Yeah, so the guidance hasn't changed. We were very clear about 20% FRE growth and 10% SRE growth over time. That was only six months ago. You look at that and say, okay, is the world different enough that it's changed that trajectory? I come back to what are the four primary objectives or sort of tailwinds that we are benefiting from as a business. One is, and none of them are changed by the environment. One is the industrial renaissance, the need for private capital to finance everything we just spoke about, data, infrastructure, AI, energy, energy transition, defense spending, not changed, massive opportunity. That's one. Two is public-private convergence and the marrying of yieldier, but equivalent risk private assets with public assets in a structure. Unchanged. Three is global wealth.

The need for individual investors to have access to products that institutions and family offices have had access to for many, many years and done well from that has not changed. Fourth, we have not really spoken about this, but lifetime income planning, which is more an Athene focus. Is the population aging any differently now than it was six months ago? No. Is the population any better prepared for retirement today than six months ago? No. The most sophisticated retirement planning on the globe gets people to retirement and still does a poor job of getting people through retirement. How do you get stable value income or guaranteed lifetime income through your retirement age so that you can live comfortably and know what you have to live on and plan your annual spending appropriately?

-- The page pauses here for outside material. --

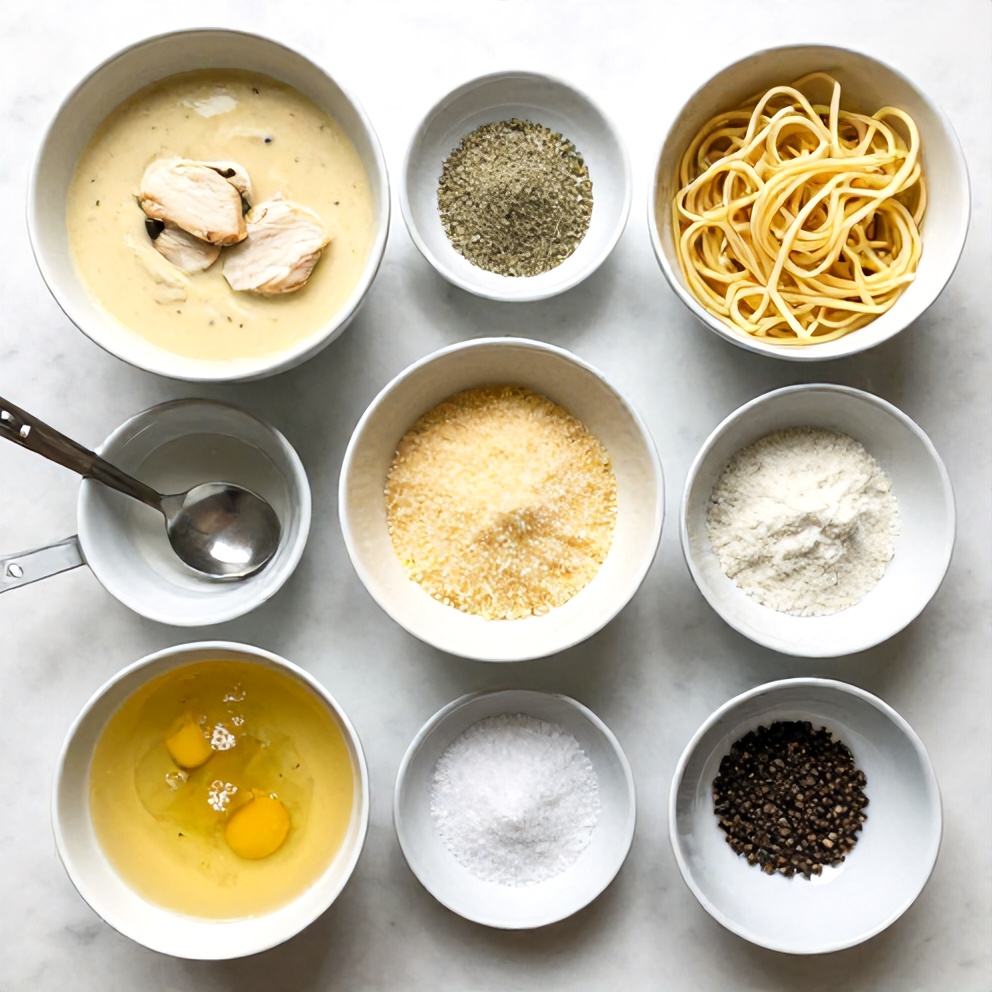 Raw ingredients for Creamy Chicken Parmesan Soup on a marble surface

None of the four big TAMs that we think about that are relevant to growing the business, that grow both FRE and SRE are any different from what they were six months ago. That is why we are highly confident. You know, will it take a slightly different path in some cases? Yeah, sure. The opportunity is unchanged.

Ben Budish
Analyst

Great. With that, we're just about out of time. So we'll leave it there. Martin, thank you so much.

Martin Kelly
CFO, Apollo Global Management

Thanks for having me. Thanks everyone for.